All presented techniques were tested on alpha-synuclein protein and the data were used to assign the resonances. To get the assignment at least one experiment assuring the sequential connectivities and one experiment yielding CB chemical shifts (for amino acid recognition) are needed. Thus, assignment can be done using just the 4D (HACA)CON(CA)NCO and 5D HabCabCO(CA)NCO data (below we call it data set 1). However, such a data set does not yield HN chemical shifts. Therefore, also the second data set (data set 2) was constructed, including additionally 5D HNCO(CA)NCO spectrum. Data set 1 was acquired within ca. 132 h of the measurement time, while data set 2—within ca. 213 h. Due to the high signal to noise ratio in the 5D spectra, the data was transformed again using smaller number of increments (on NUS data such operation does not cause resolution loss). It was found that both 5D HabCabCO(CA)NCO and 5D HNCO(CA)NCO spectra obtained using 1200 increments (2/3 of the original number of increments) contained identical set of peaks: no false peak appeared and no true peak disappeared. It means that these experiments could be acquired faster, without any information loss. In such a case, the total measurement time would be <106 h for data set 1, and almost 160 h for data set 2.

The results obtained by the TSAR program are gathered in Table 2. They are satisfactory in both cases. For data set 1 the fraction of correctly and incorrectly assigned resonances was 91.8 and 1.2 % (respectively), while for data set 2 it was 92.9 and 1.2 % (respectively). It might seem surprising that the highest percentage of incorrect assignments corresponds to CO and N, which are the nuclei that form the basis of the assignment method. To understand this fact, one should consider also the fractions of correctly assigned resonances, which are also the highest for CO and N nuclei. Simply, more spectral peaks originating from aliphatic groups than from amide and carbonyl groups were missing. Also, in some cases when one of the aliphatic peaks (HA–CA or HB–CB) was missing, then TSAR program could not decide whether the present peak was alpha or beta peak, and in consequence this peak remained unassigned. In the presented data, for some incorrectly assigned CO and N nuclei, no other chemical shift was known, thus the percentage of incorrect assignments for nuclei other than CO and N did not increase.
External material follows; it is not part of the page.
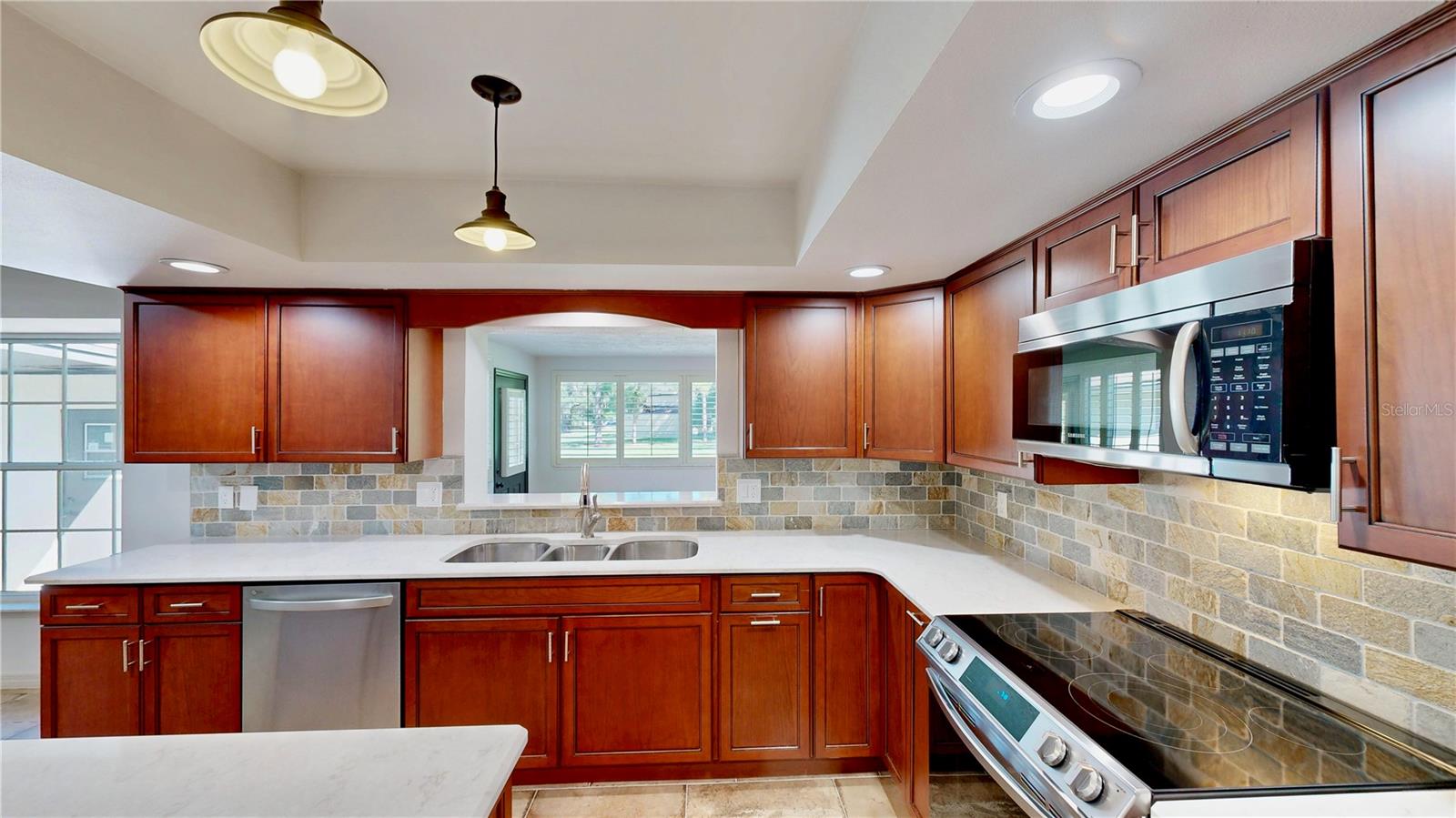 9601 AMBLESIDE DRIVE, Windermere, FL 34786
Table 2 Results obtained with the TSAR program

For both data sets the chains of cross-sections were identical. 123 cross-sections were correctly assigned. Most of them (106) were parts of long (≥8 residues) chains, whose assignment is the most reliable. Just three of them were parts of short (1–2 residues) chains. Out of three incorrectly assigned cross-sections, two were in “chains” of length 1 and one was at the very end of a long chain.

Conclusion

In the present study we proposed two new high-dimensional experiments 5D HabCabCO(CA)NCO and 5D HNCO(CA)NCO) and a 4D (HACA)CON(CA)NCO extension of the previously published 3D experiments, dedicated for resonance assignment of proteins featuring low chemical shift dispersion, like IDPs. Since all these experiments exploit 13C detection and two of them use HA and HB proton excitation, this set of experiments is suitable for samples of high content of proline residue or featuring high level of chemical exchange of amide protons. NUS allows to acquire these experiments in limited measurement time. Using sparse multidimensional Fourier transform together with multiple fixing method provides an easy access to the high-dimensional data and facilitates spectral analysis. The TSAR program can perform the assignment automatically. On the example of 140-amino-acid-long IDP it was shown that the proposed techniques enable almost complete automatic resonance assignment.